Task requirements | Everything from the line with "Długopis Parker Jotter" to the line with "Small Wax Leather Hobo Bag - Terracotta" in the listing below, both lines included, needs to be copied exactly, apart from the pictures.

Information given |
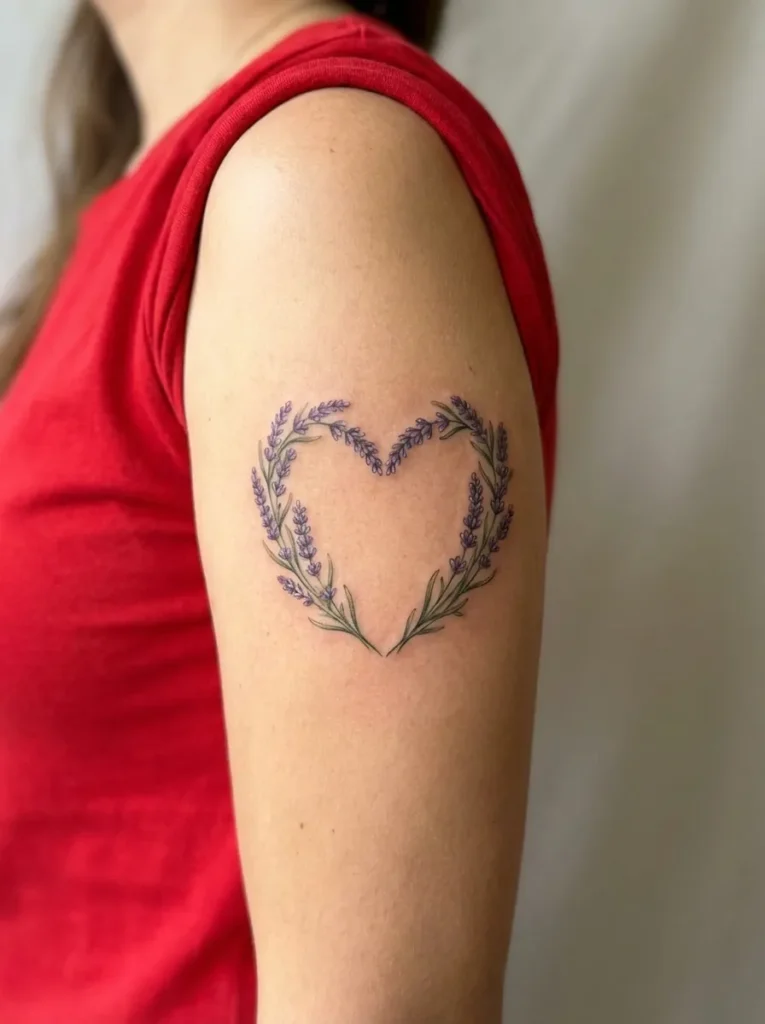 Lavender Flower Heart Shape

--

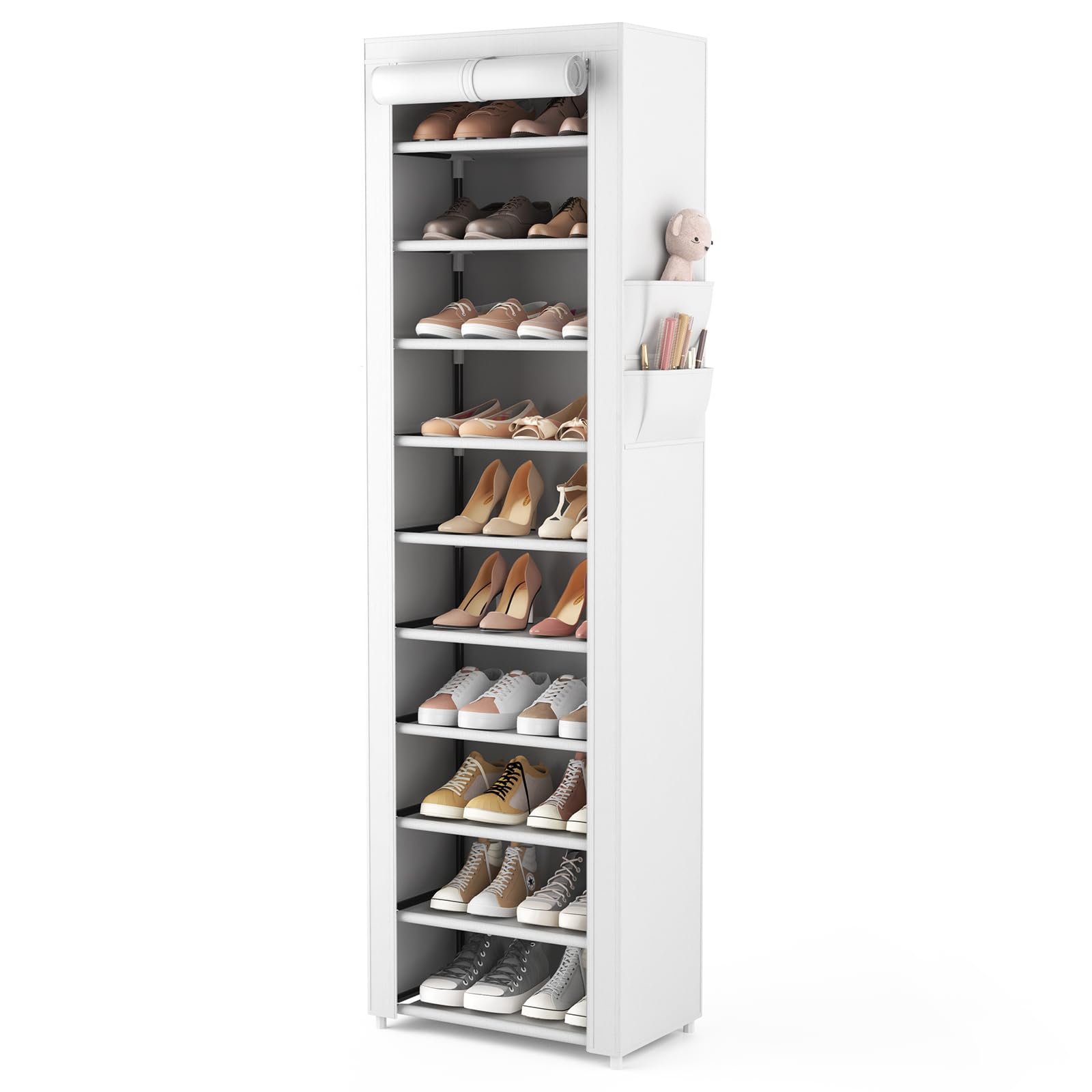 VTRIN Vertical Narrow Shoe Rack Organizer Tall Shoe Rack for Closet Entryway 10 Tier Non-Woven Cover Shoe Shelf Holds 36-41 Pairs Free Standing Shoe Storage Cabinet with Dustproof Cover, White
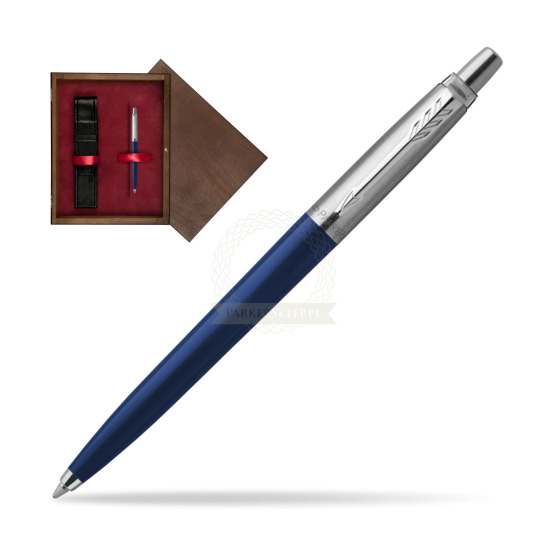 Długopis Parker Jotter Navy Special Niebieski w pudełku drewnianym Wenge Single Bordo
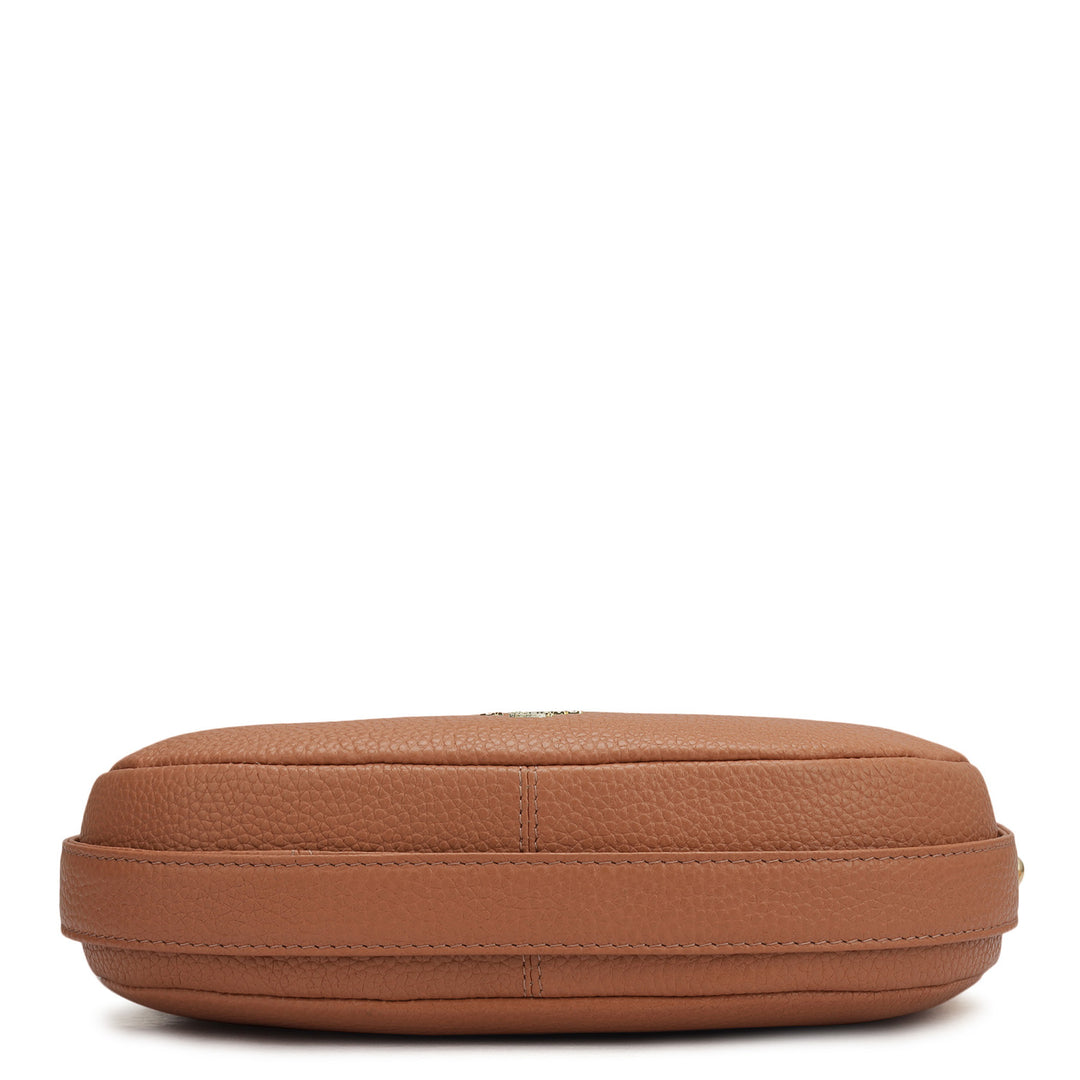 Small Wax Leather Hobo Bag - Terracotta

Task solution |
 Długopis Parker Jotter Navy Special Niebieski w pudełku drewnianym Wenge Single Bordo
 Small Wax Leather Hobo Bag - Terracotta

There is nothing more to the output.